The assassination attempt targeting Giffords, by the apparently mentally unbalanced 22-year-old Loughner, may or may not have been directly related to the increasingly bellicose rhetoric of conservative politicians and activist groups like the tea party movement and other self-described "patriot" groups. But the senseless violence in Tucson has caused some to speculate on the effect of extreme right-wing media commentators and politicians who label their political opponents as "traitors," "communists," and "America haters," and use gun metaphors.

Since the election of Barack Obama, the United States' first African-American president, the Ku Klux Klan, neo-Nazis, other right-wing organizations have experienced an increase in membership.
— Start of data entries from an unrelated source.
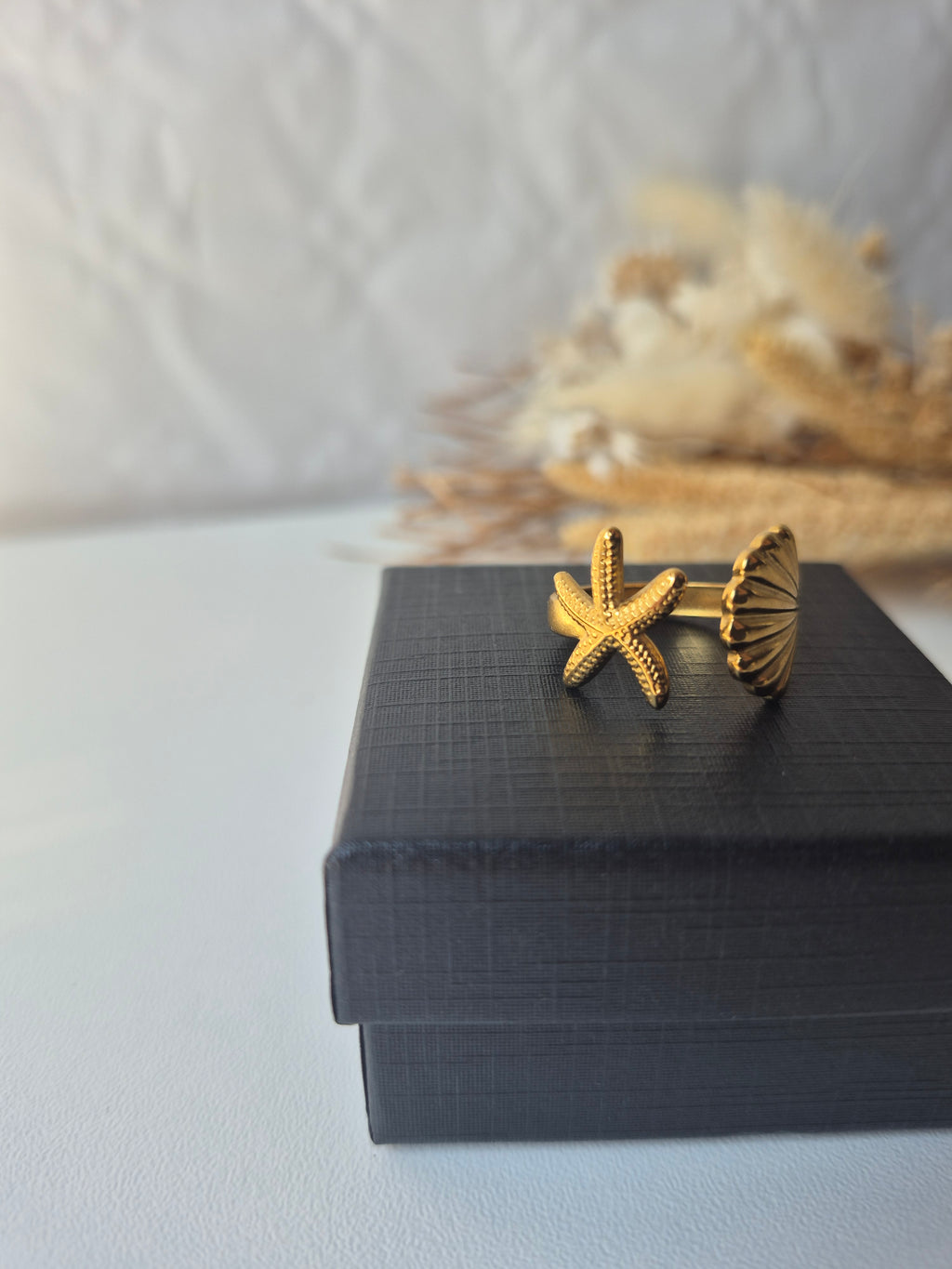 Bague Ajustable Dorée Coquillage & Étoile de Mer en Acier Inoxydable 304 – Style Bohème Chic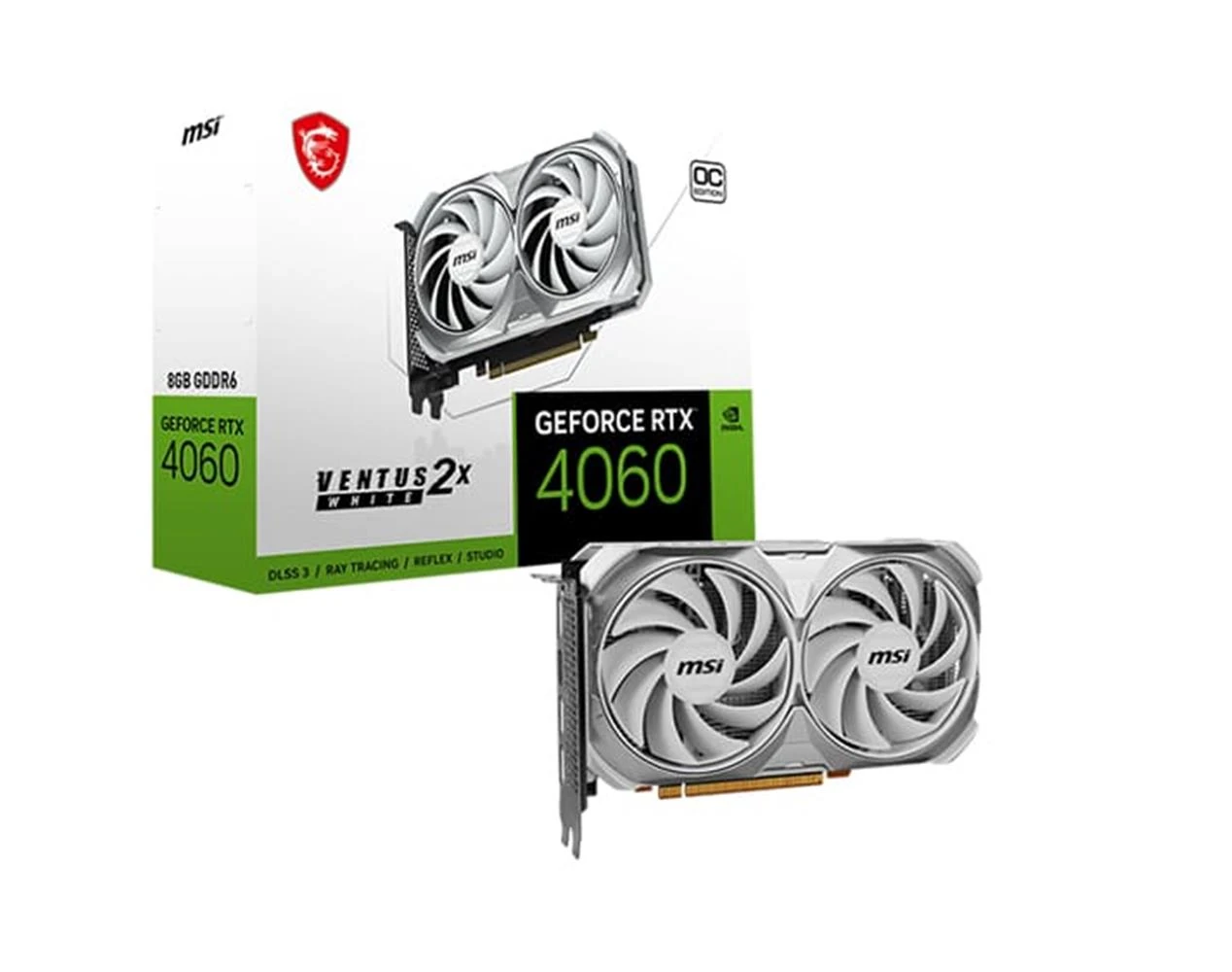 Msi GeForce RTX4060 Ventus 2X White 8G OC 8GB GDDR6 128Bit Ekran Kartı (3xDP 1xHDMI)
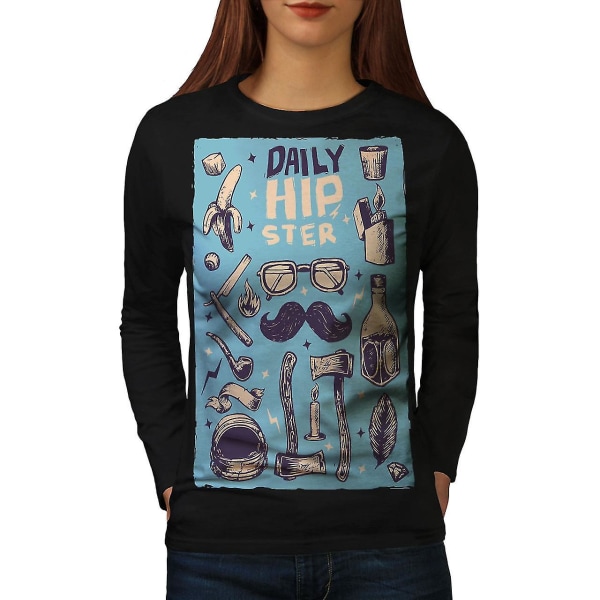 Daily Hippie Vintage Women Blacklong Sleeve T-shirt L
In April 2009, a government report warned about the rise of extremist groups on the right and their recruitment of U.S. war veterans. Conservative politicians and radio talk show hosts quickly condemned the report, causing Homeland Security Secretary Janet Napolitano to make a public apology. Between The Lines' Scott Harris spoke with journalist and author Frederick Clarkson who has written about the religious right and tracked political hate groups for two decades. He looks at the toxic political climate in the U.S. which he believes has contributed to the increasing danger of domestic terrorism not seen since the Oklahoma City bombing in 1995.

FREDERICK CLARKSON: This has got to be a wakeup-call. This is the canary dying in the coal mine of American democracy. We have to be aware that this is not a matter of strictly speaking of right and left, although the violent ideology, rhetoric and actions come overwhelmingly from the right. This is a wake-up call about where we are in this society right now. And we have to look at it through that lens. If there are helpless people out there who are finding political ideas whose expression leads to walking up to a member of Congress at a supermarket and shooting them in the head, we have a problem.

BETWEEN THE LINES: Fred, what have you observed since the 2008 presidential election in terms of a escalation of the caustic and toxic rhetoric that seems to be ever more politically acceptable in mainstream circles and in our news media? What have you noticed about that?

FREDERICK CLARKSON: Well, I've probably noticed something a little different than what most people notice. Most of what we hear is that there's an escalation in the rhetoric and the violent suggestions, whether it's the sniper-scope targets on Sarah Palin's website aimed at congressional Democratic districts, or the racial edge, to a lot of commentary, the birther-ism and all that stuff. All that stuff is true; that's part of the context. I'm not sure it's any different, but I'm not sure it's any worse than what we saw in the '90s under Bill Clinton, although with a black president, obviously it's different. What strikes me most about it is two things: one is the ineptitude of the response for most of the rest of America -- journalists, progressive political activists, Democratic political leaders, you name it. We're not very good at figuring how to respond to this stuff and we're bullied into silence. The other thing that we are is too accepting of false framing, in the sense of false equivalence.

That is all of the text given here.